◆ WORK ORDER:
Take from the entries below the stretch from the line with "Snow Bibs, Kid’s 14, 14/16, XL (16-18)" through the line with "Cottonblue Coperta Sovrapponibile", and return it exactly, leaving the pictures out.

◆ SUPPLIED DATA:
-=-=-

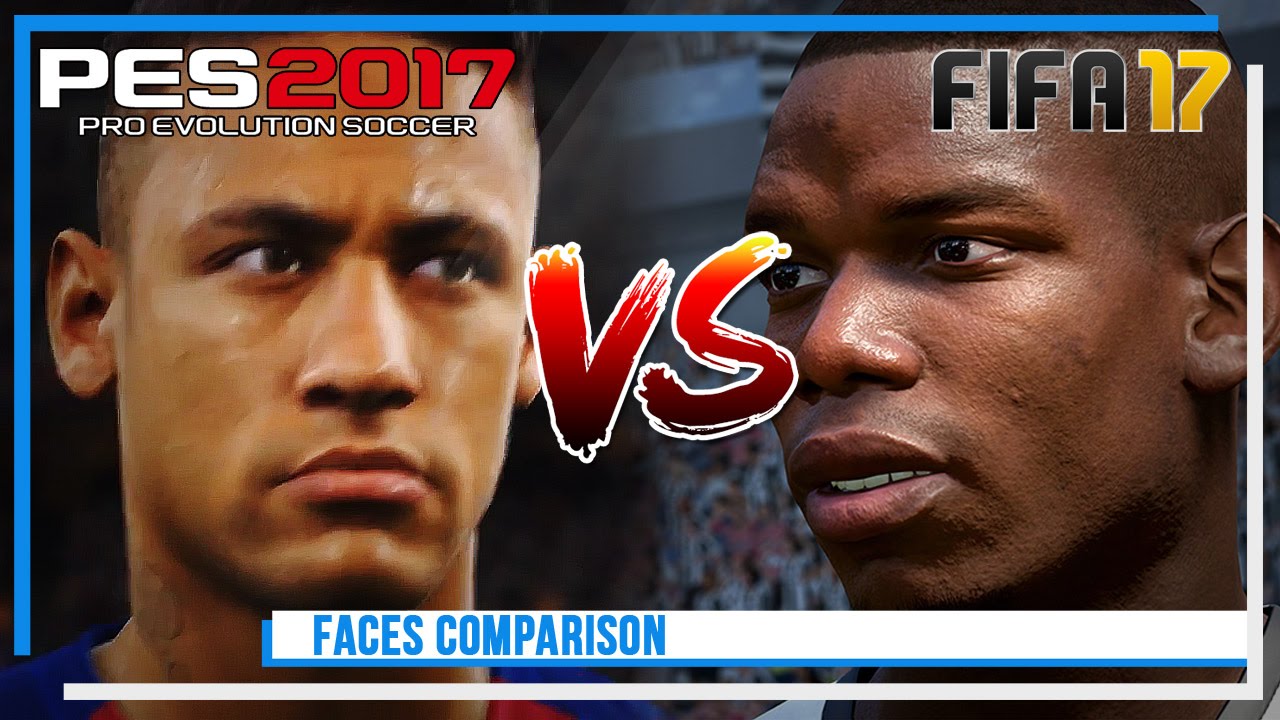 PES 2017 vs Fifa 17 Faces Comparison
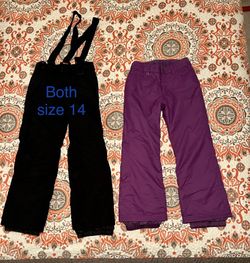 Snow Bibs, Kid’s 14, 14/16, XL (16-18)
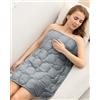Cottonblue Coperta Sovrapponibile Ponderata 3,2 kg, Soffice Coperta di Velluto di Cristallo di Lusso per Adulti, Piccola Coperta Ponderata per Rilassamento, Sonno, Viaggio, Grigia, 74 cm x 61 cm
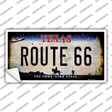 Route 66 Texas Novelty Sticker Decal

-=-=-

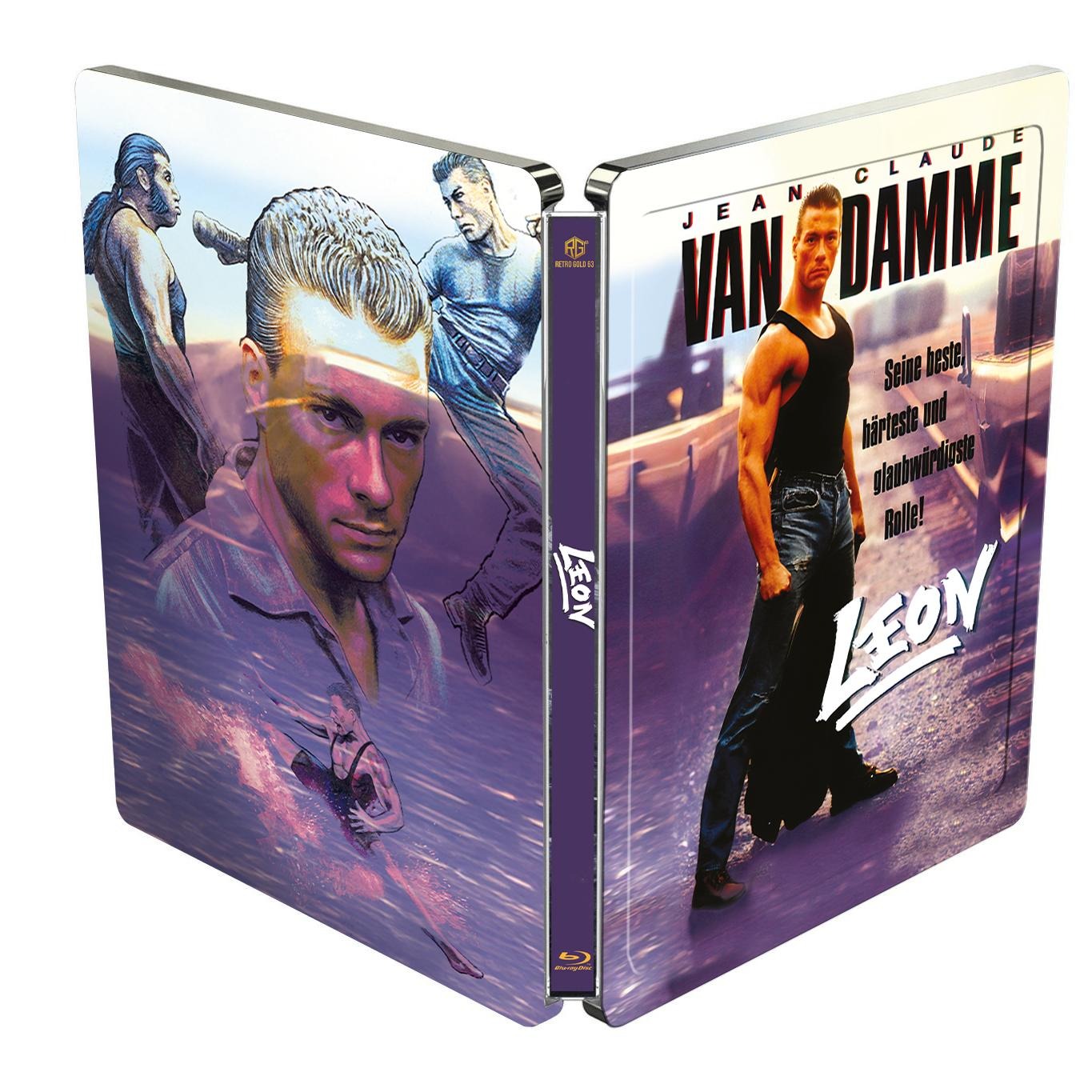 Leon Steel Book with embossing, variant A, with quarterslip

-=-=-

◆ EXPECTED ANSWER:
 Snow Bibs, Kid’s 14, 14/16, XL (16-18)
Cottonblue Coperta Sovrapponibile Ponderata 3,2 kg, Soffice Coperta di Velluto di Cristallo di Lusso per Adulti, Piccola Coperta Ponderata per Rilassamento, Sonno, Viaggio, Grigia, 74 cm x 61 cm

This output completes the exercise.